The author, who has unabashedly proclaimed his support for Kerry's presidential bid, obtained the FBI files while working on his 1999 book, "Home to War," filing a Freedom of Information Act request that took 11 years to yield results.

Nicosia said he didn't think the top Democrat or his staff were worried about the 20,000-page stash of surveillance material he had on him.

"The Kerry camp had no reason to believe I would not cooperate with them," Nicosia insisted, explaining that he shared portions of the files with Kerry operatives a few days before their theft.

Still, after Nicosia used the files two weeks ago to disprove Kerry's denials that he attended a 1971 meeting of the Vietnam Veterans Against the War - where a plot to assassinate pro-war politicians was discussed - some see the motivations of the file thieves differently.

"This almost sounds like a West Coast version of Watergate 2004," host Joe Scarborough told Nicosia and fellow guest Pat Buchanan. "Maybe it was an inside job by somebody in the Kerry campaign."

Indeed, if the Kerry camp was involved in the FBI file break-in, it wouldn't be the first time it had engaged in Watergate-style political sabotage.
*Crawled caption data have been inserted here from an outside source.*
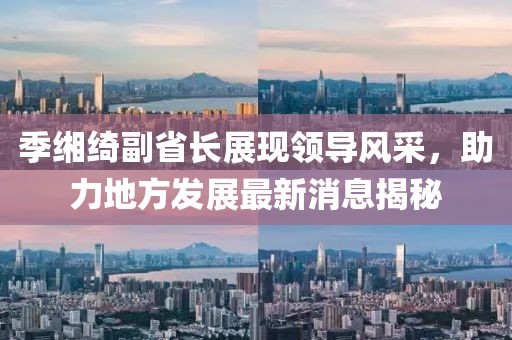 季緗綺副省長展現(xiàn)領導風采，助力地方發(fā)展最新消息揭秘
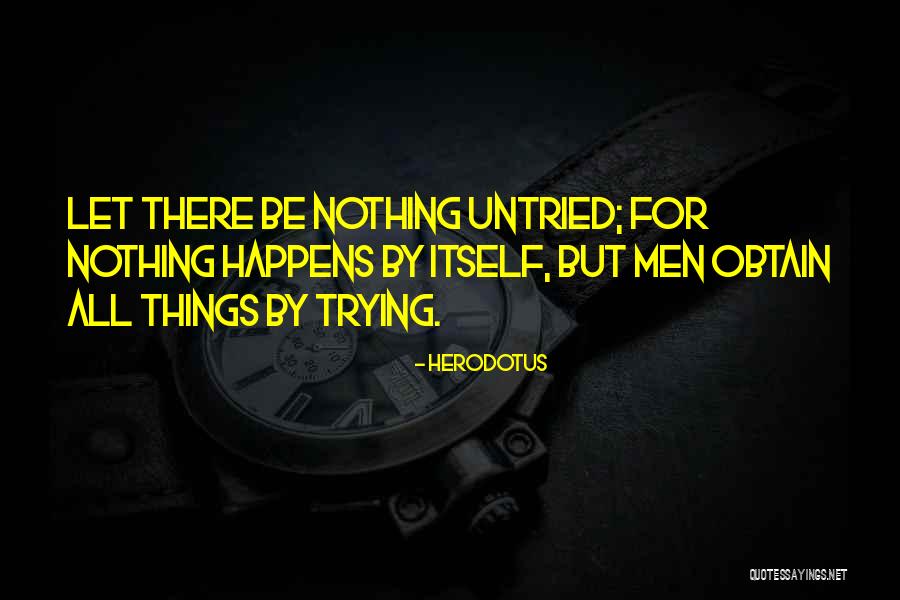 Nothing Happens For Nothing Quotes By Herodotus Nothing Happens For Nothing Quotes By Herodotus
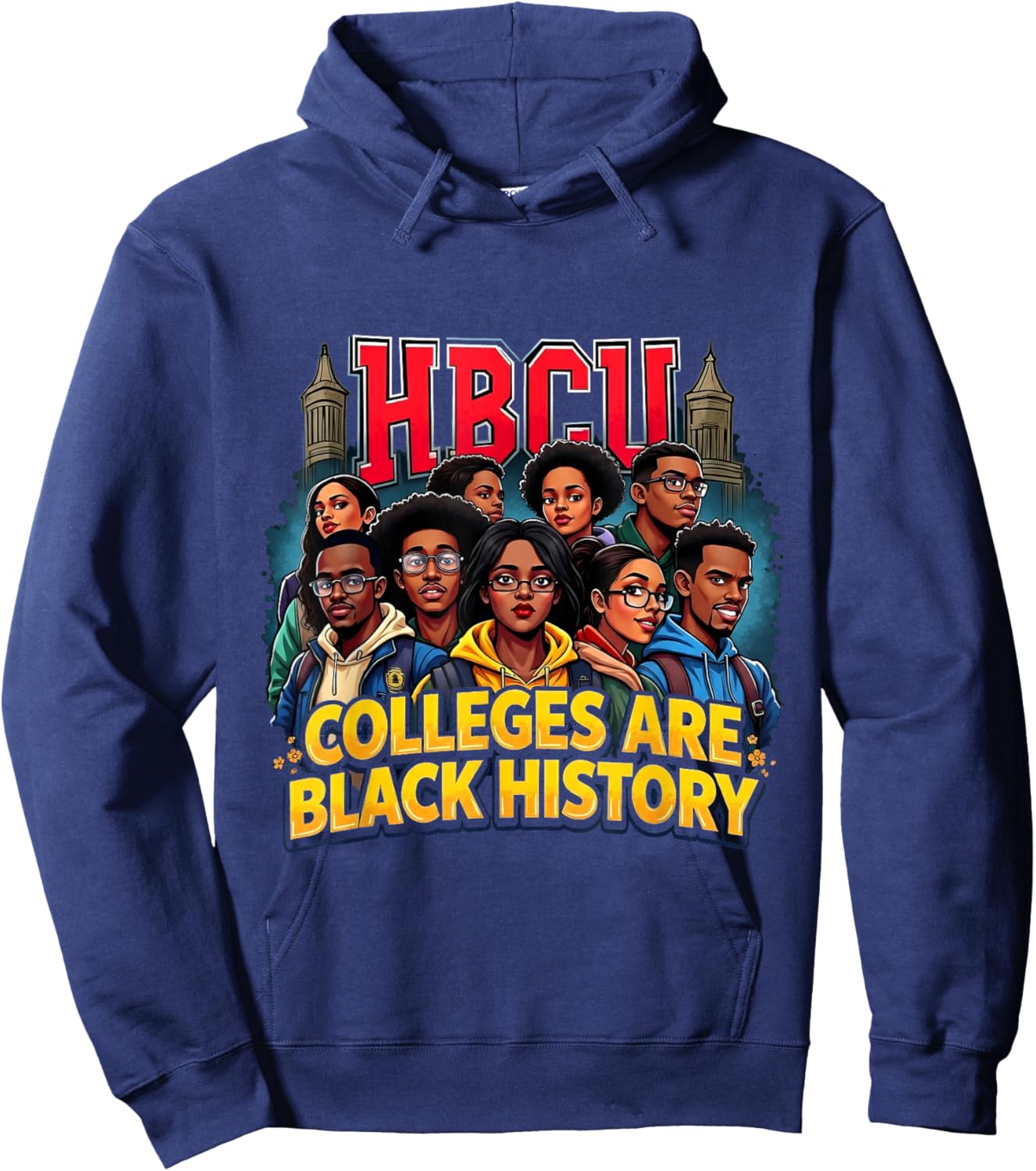 Black History African American HBCU Colleges Students Hoodie - Hoodie | Navy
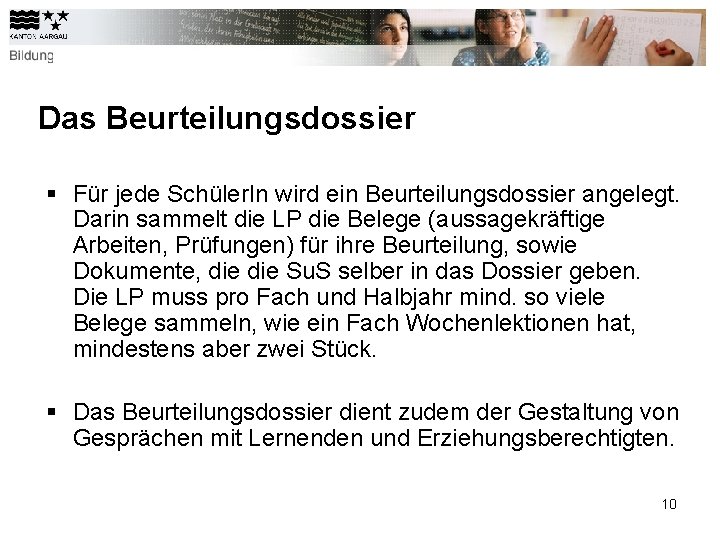 Das Beurteilungsdossier § Für jede Schüler. In wird ein Beurteilungsdossier angelegt. Darin sammelt die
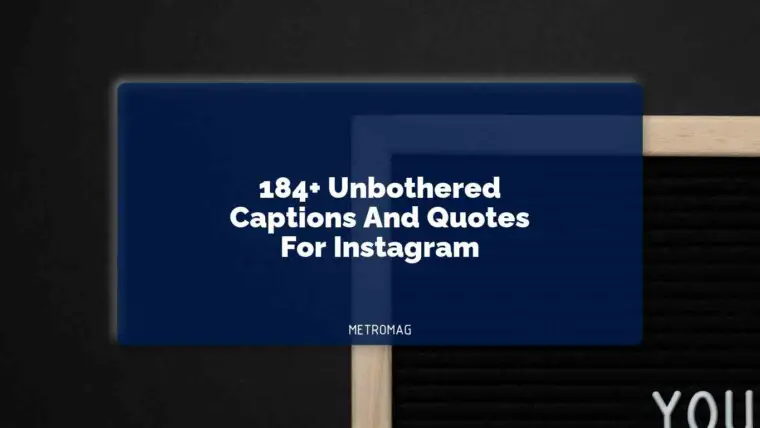 184+ Unbothered Captions And Quotes For Instagram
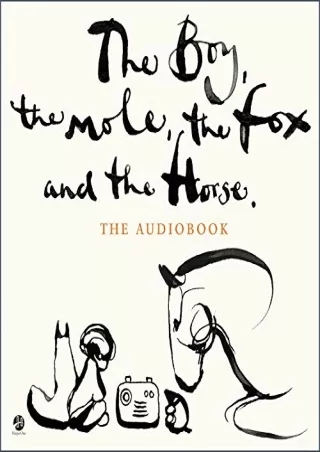 Kindle The Boy, the Mole, the Fox and the Horse Full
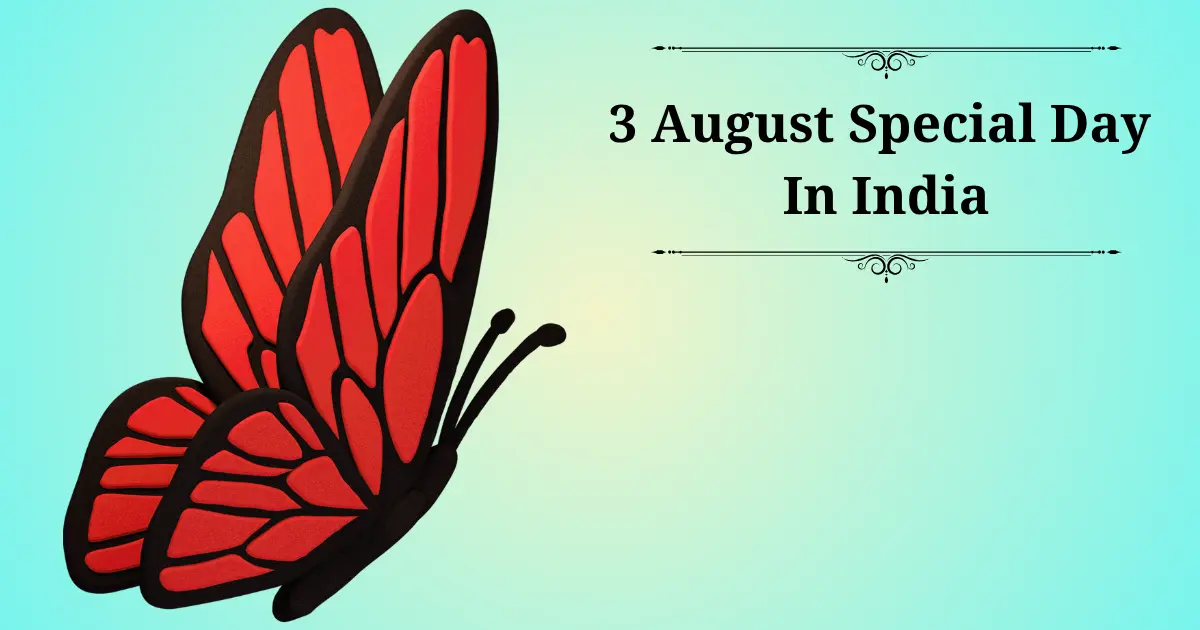 3 August special day in India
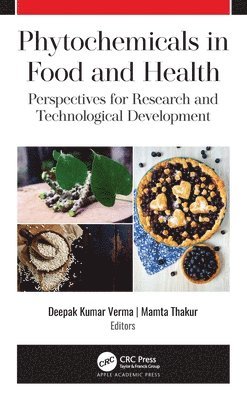 Deepak Kumar Verma, Mamta Thakur - Phytochemicals in Food and Health, Inbunden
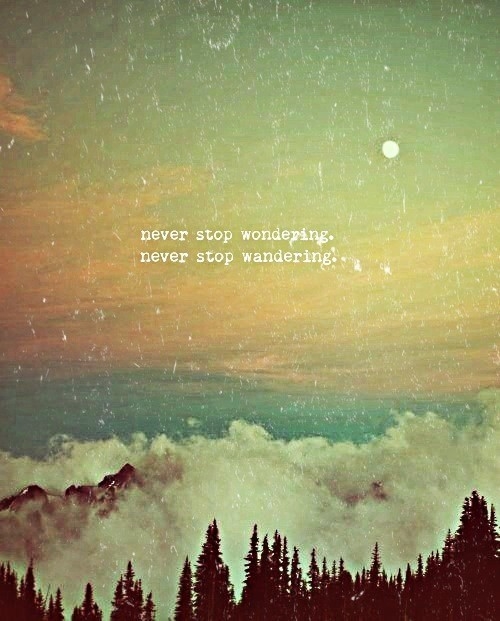 Never stop wondering, never stop wandering Never stop wondering, never stop wandering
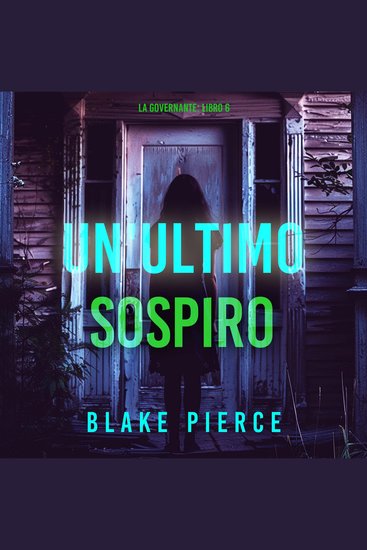 Un'Ultimo Sospiro (La Governante: Libro 6) - Narrato digitalmente con voce sintetizzata - cover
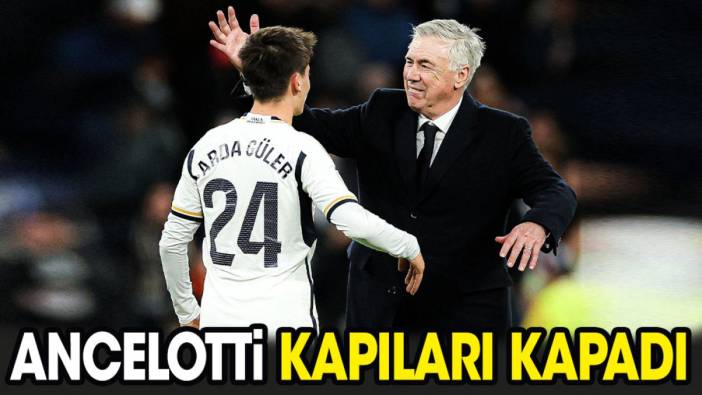 Ancelotti kapıları kapadı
As the New York Post reported just last month, during Kerry's 1972 bid for Congress, his younger brother, Cameron Kerry, was arrested for "breaking into ... the headquarters of a Kerry opponent" in Lowell, Mass.

Kerry's brother and another campaign worker pleaded not guilty to charges of "breaking and entering with the intent to commit grand larceny."

After the arrests, candidate Kerry told the New York Times that the break-in was a pre-emptive strike in response to threats that phone lines to his campaign headquarters were about to be sabotaged.

Cameron Kerry is now a partner in a Boston-based law firm and has been a key financial backer of all of his brother's campaigns.